» INFORMATION PROVIDED:
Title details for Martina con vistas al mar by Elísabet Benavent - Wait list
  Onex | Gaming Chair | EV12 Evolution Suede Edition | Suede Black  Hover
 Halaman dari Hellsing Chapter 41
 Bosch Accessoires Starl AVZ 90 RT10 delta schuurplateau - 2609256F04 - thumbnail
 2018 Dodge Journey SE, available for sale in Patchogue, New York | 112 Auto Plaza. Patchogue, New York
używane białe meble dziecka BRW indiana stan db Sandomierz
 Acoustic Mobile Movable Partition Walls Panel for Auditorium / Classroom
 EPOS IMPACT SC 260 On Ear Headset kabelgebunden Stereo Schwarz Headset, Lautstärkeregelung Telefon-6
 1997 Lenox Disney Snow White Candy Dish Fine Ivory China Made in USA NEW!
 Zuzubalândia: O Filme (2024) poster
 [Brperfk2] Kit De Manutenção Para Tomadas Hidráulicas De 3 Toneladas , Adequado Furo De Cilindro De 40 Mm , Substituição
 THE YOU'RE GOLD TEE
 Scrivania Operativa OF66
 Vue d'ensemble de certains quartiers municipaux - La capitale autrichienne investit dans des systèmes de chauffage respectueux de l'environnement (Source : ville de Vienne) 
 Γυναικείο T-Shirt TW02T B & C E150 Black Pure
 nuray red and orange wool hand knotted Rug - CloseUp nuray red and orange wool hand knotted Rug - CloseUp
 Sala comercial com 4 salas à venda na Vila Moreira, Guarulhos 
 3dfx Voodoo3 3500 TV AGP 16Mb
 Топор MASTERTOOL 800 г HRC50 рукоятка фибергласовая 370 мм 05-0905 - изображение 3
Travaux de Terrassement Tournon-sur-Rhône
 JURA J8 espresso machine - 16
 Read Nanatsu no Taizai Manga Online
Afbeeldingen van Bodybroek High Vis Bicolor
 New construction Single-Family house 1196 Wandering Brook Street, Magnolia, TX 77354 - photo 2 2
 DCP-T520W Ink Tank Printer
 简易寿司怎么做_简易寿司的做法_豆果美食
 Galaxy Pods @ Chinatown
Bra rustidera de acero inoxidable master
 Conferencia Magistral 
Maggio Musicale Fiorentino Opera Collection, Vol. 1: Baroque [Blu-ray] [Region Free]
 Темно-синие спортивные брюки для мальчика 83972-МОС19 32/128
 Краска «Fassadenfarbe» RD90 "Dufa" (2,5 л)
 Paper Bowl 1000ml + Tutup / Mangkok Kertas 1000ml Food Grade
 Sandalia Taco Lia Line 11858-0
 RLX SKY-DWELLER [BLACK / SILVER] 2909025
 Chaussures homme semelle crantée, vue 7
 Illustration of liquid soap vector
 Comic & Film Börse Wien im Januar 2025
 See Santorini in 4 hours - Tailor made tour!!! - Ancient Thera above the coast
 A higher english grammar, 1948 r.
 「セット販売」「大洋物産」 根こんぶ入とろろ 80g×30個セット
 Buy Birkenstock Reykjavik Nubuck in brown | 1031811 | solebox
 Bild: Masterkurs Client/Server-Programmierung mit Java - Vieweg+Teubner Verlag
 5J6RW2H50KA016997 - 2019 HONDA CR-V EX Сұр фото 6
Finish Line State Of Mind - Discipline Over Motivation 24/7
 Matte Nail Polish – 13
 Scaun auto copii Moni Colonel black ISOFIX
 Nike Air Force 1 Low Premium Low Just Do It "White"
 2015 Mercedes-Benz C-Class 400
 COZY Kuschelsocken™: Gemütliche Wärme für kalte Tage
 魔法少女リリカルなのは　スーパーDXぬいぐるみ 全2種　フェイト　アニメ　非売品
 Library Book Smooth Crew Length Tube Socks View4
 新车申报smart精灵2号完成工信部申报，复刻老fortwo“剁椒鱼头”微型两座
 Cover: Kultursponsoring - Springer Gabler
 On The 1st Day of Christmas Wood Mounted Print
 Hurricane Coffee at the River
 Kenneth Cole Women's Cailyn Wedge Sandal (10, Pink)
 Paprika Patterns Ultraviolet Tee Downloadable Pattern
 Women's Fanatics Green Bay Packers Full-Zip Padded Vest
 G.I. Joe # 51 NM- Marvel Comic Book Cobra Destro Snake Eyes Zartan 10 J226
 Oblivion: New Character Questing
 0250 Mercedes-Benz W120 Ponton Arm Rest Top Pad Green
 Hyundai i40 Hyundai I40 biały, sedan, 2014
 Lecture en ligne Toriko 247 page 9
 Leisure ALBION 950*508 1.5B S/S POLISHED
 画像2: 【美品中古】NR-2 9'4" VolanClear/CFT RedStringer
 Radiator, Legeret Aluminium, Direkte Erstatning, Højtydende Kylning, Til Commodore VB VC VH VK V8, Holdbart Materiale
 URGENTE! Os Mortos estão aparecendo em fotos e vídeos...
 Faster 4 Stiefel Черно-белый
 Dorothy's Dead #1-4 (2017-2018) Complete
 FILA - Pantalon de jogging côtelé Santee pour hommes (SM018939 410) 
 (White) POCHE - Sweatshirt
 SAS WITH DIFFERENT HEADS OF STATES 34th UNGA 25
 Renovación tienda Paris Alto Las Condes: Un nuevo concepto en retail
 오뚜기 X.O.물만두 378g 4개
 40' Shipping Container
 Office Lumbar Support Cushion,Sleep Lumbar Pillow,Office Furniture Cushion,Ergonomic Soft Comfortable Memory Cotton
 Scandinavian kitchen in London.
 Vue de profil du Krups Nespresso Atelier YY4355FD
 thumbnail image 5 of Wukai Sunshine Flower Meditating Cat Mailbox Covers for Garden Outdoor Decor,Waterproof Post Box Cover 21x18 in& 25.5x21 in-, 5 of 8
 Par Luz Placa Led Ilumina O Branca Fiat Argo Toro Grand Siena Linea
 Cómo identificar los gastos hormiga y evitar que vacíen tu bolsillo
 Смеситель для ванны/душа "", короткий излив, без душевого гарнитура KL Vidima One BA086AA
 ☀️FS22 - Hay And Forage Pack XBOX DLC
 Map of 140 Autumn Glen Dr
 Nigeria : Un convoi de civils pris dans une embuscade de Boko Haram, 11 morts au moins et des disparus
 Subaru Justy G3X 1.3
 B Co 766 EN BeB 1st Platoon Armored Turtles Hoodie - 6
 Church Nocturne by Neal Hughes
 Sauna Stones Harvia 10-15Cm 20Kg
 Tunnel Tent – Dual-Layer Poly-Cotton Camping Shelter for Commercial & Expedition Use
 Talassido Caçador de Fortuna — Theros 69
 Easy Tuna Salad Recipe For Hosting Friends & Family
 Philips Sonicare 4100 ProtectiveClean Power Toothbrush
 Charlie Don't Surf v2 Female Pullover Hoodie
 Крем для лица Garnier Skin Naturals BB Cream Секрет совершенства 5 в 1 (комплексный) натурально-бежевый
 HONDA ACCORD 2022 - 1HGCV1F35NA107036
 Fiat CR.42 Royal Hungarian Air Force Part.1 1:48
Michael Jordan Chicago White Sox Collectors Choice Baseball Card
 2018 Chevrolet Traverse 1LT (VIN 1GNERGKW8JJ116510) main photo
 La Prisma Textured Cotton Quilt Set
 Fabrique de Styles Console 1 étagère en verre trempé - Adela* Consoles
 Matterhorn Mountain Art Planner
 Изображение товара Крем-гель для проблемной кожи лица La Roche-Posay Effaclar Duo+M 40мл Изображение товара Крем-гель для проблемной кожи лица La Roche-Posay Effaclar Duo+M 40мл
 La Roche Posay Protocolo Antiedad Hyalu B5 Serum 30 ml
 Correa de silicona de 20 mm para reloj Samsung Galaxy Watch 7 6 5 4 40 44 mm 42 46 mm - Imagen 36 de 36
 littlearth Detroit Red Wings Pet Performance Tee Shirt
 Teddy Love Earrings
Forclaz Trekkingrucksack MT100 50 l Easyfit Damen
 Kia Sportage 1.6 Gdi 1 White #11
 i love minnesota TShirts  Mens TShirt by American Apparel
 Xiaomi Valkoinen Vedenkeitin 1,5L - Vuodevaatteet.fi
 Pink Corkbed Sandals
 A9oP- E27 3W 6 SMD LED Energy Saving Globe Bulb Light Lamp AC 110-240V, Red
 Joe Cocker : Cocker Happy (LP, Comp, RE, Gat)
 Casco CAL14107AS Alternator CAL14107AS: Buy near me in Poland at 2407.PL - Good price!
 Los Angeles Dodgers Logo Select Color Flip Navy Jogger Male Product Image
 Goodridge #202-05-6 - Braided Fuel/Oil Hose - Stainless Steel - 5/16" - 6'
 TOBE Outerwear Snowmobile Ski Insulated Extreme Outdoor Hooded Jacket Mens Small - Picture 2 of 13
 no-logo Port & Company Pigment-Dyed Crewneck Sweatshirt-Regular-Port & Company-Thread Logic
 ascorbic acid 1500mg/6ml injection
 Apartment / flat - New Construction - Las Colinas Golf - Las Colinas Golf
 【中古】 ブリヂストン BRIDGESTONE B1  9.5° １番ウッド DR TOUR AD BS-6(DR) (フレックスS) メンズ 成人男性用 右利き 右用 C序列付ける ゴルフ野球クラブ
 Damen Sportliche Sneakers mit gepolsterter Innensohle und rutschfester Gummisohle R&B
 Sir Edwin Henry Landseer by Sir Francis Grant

» WHAT YOU HAVE TO DO: In the entries above, count the lines that contain the string "thumbnail" and reply with the number only.

» TASK SOLUTION: 2